**WORK ORDER:** Repeat nothing but the line that contains "Kiteboarder wearing thin" and the lines after it, through the end of the listing, exactly as they stand; omit pictures.

**EXERCISE DATA:**
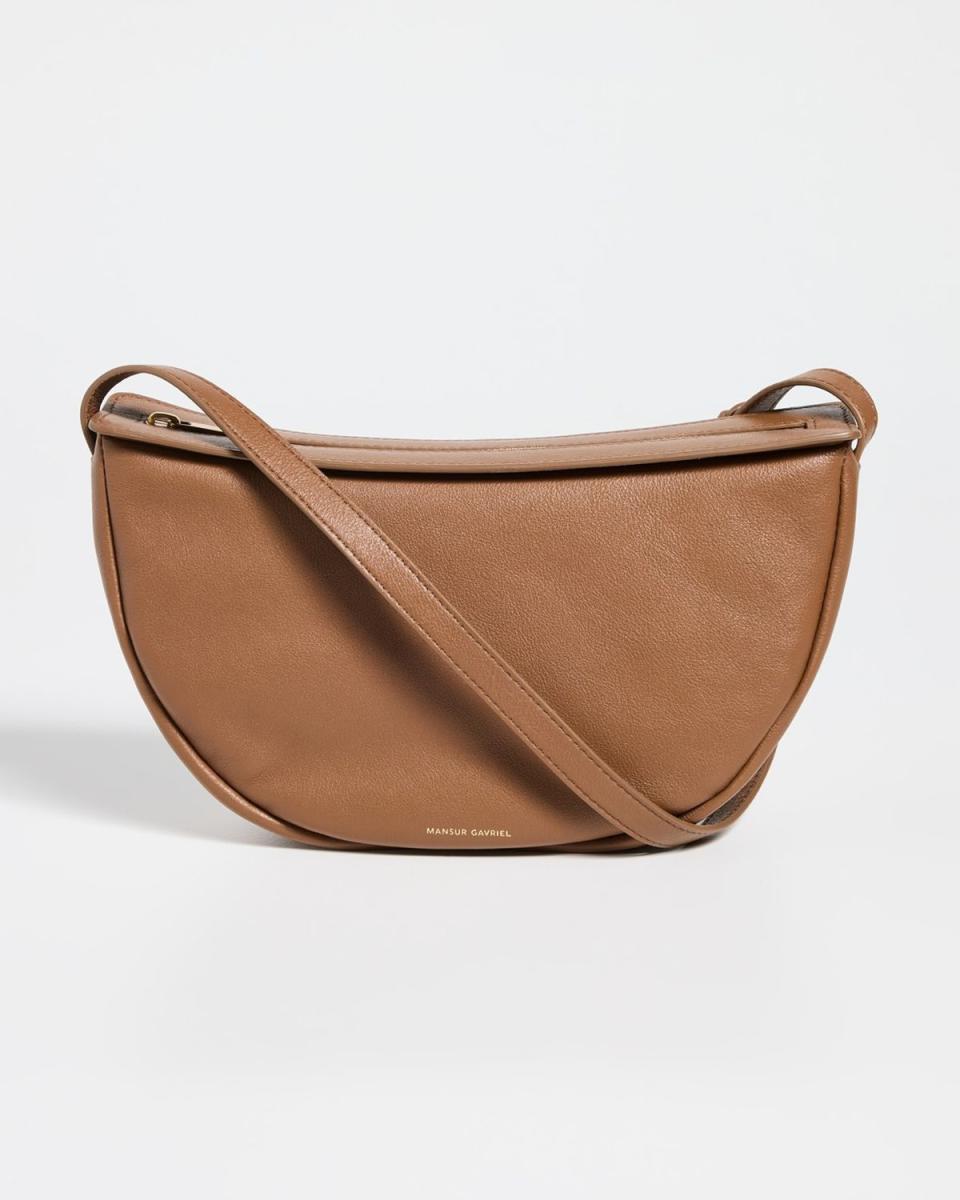 <p><a href="https://go.redirectingat.com?id=74968X1596630&url=https%3A%2F%2Fwww.shopbop.com%2Fmoon-sling-bag-mansur-gavriel%2Fvp%2Fv%3D1%2F1573901799.htm&sref=https%3A%2F%2Fwww.elle.com%2Ffashion%2Fshopping%2Fg45701466%2Fbest-crossbody-bags-for-travel%2F" rel="nofollow noopener" target="_blank" data-ylk="slk:Shop Now;elm:context_link;itc:0;sec:content-canvas" class="link ">Shop Now</a></p><p>Moon Sling Bag</p><p>Shopbop</p><p>$495.00</p>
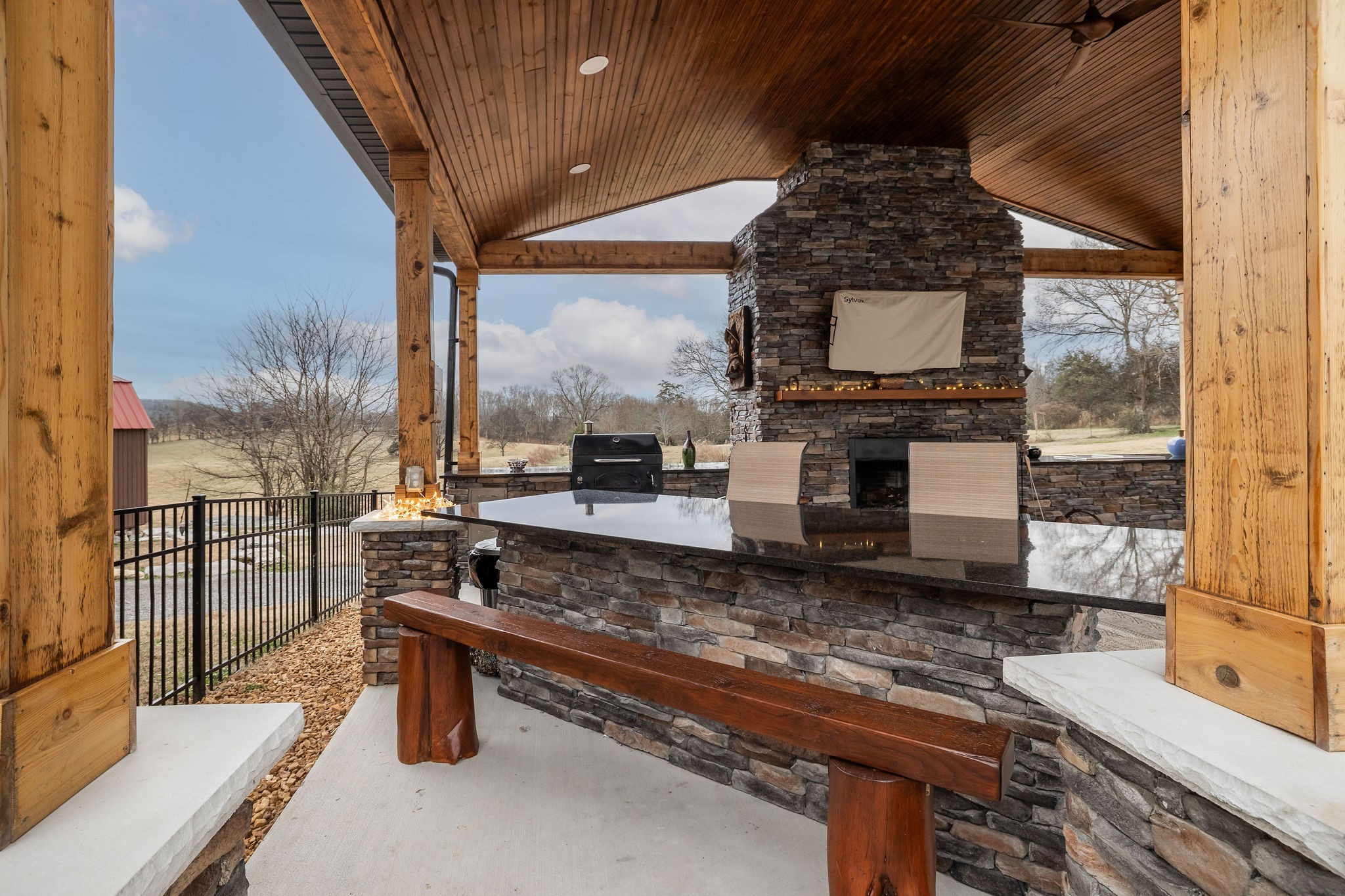95 Old 25 Loop Castalian Springs, TN 37031 - Photo 61 of 93 a living room with furniture a flat screen tv and a floor to ceiling window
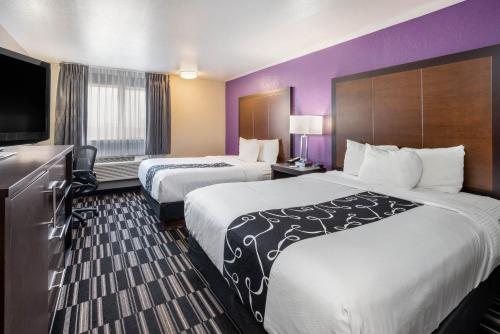 a hotel room with two beds and a flat screen tv at La Quinta Inn by Wyndham Caldwell in Caldwell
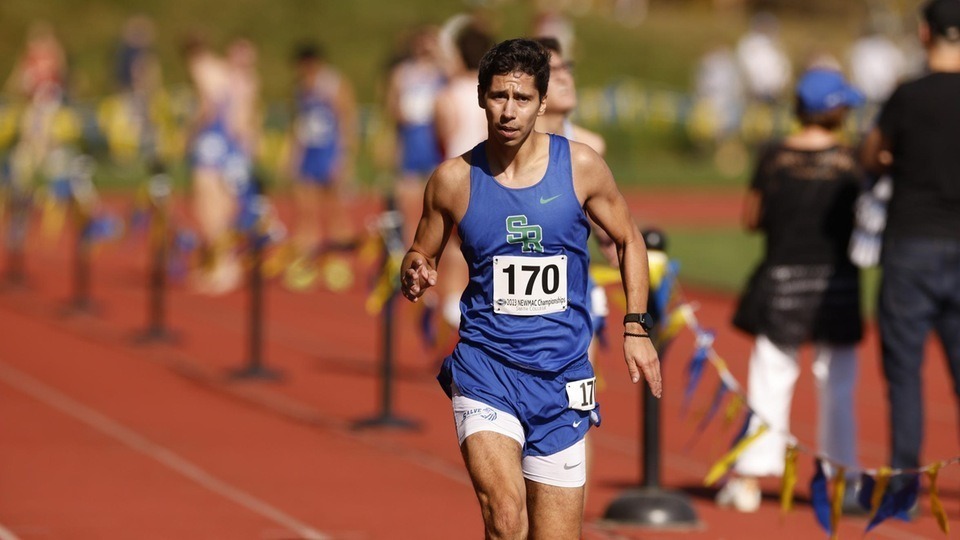 Patrick Voli finishes his race at the NEWMAC Championships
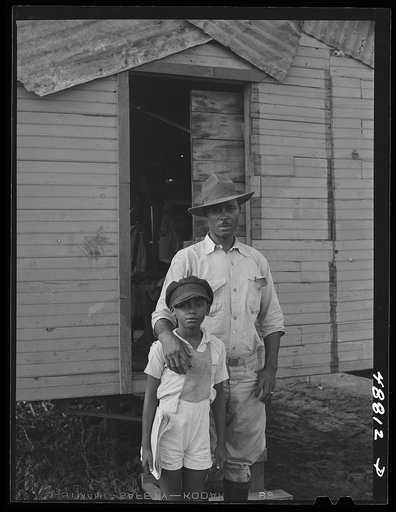 San Juan, Puerto Rico. Worker from the naval base in San Juan who lives in this house in El Fangitto, the slum area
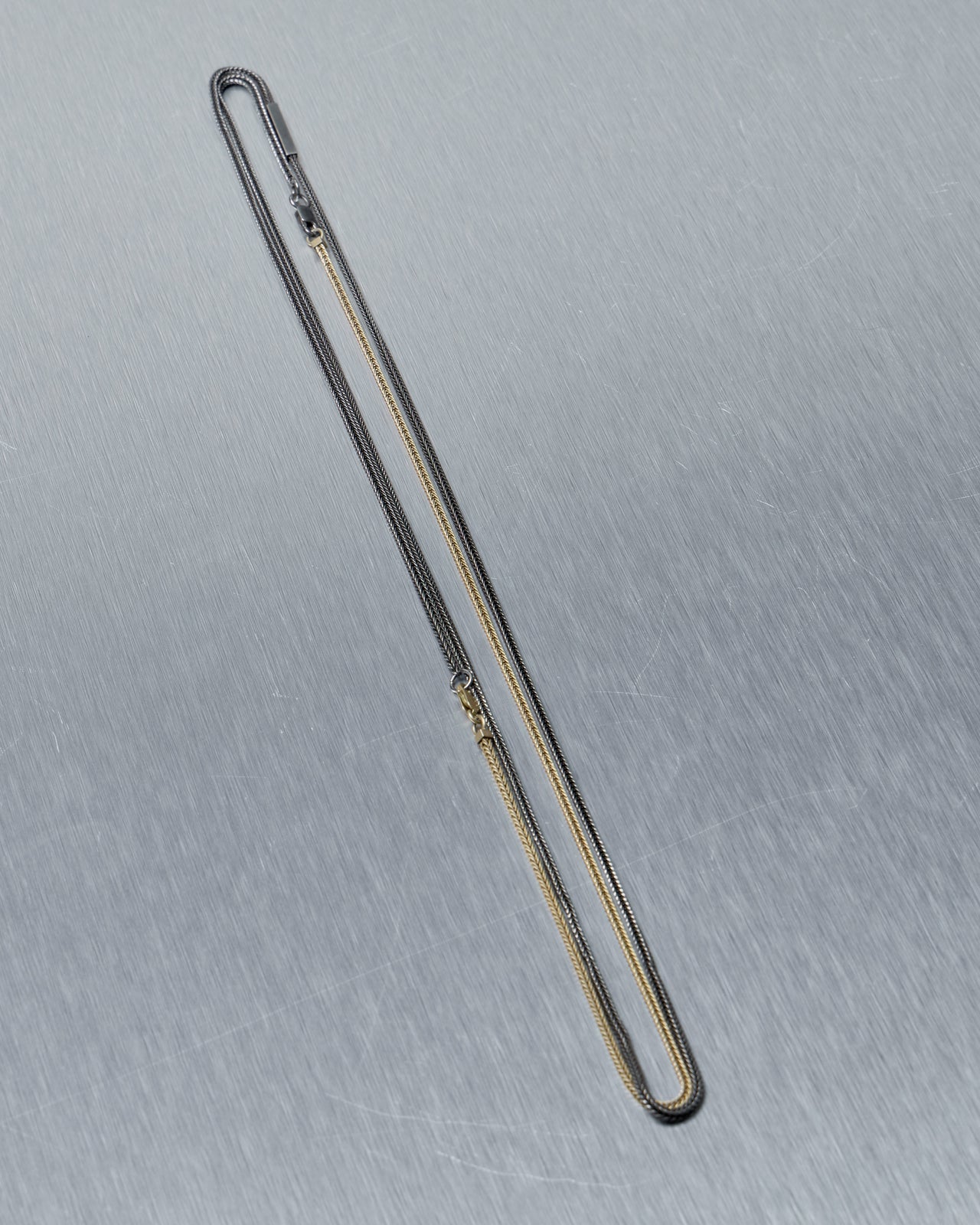 Long thin metal Stephanie Said necklace on a gray background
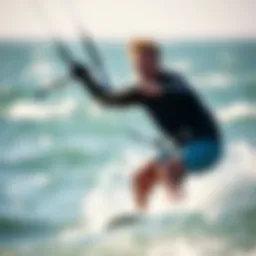 Kiteboarder wearing thin neoprene gloves while riding waves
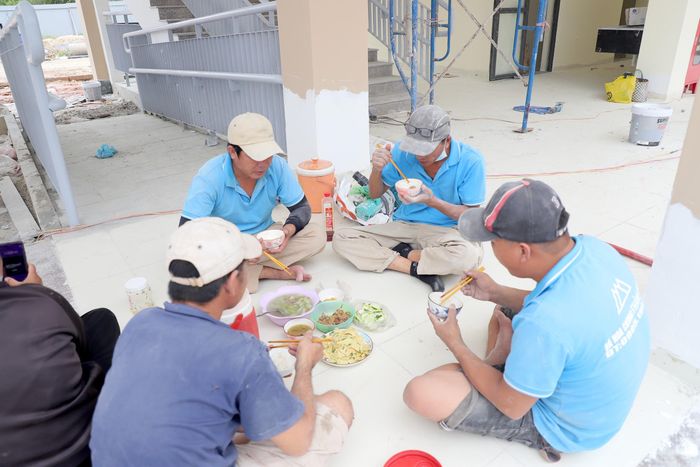 Không kịp rời công trường giữa ca, nhiều công nhân mang cơm theo, tranh thủ dùng bữa ngay tại công trình rồi tiếp tục làm việc.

**ANSWER BOX:**
 Kiteboarder wearing thin neoprene gloves while riding waves
 Không kịp rời công trường giữa ca, nhiều công nhân mang cơm theo, tranh thủ dùng bữa ngay tại công trình rồi tiếp tục làm việc.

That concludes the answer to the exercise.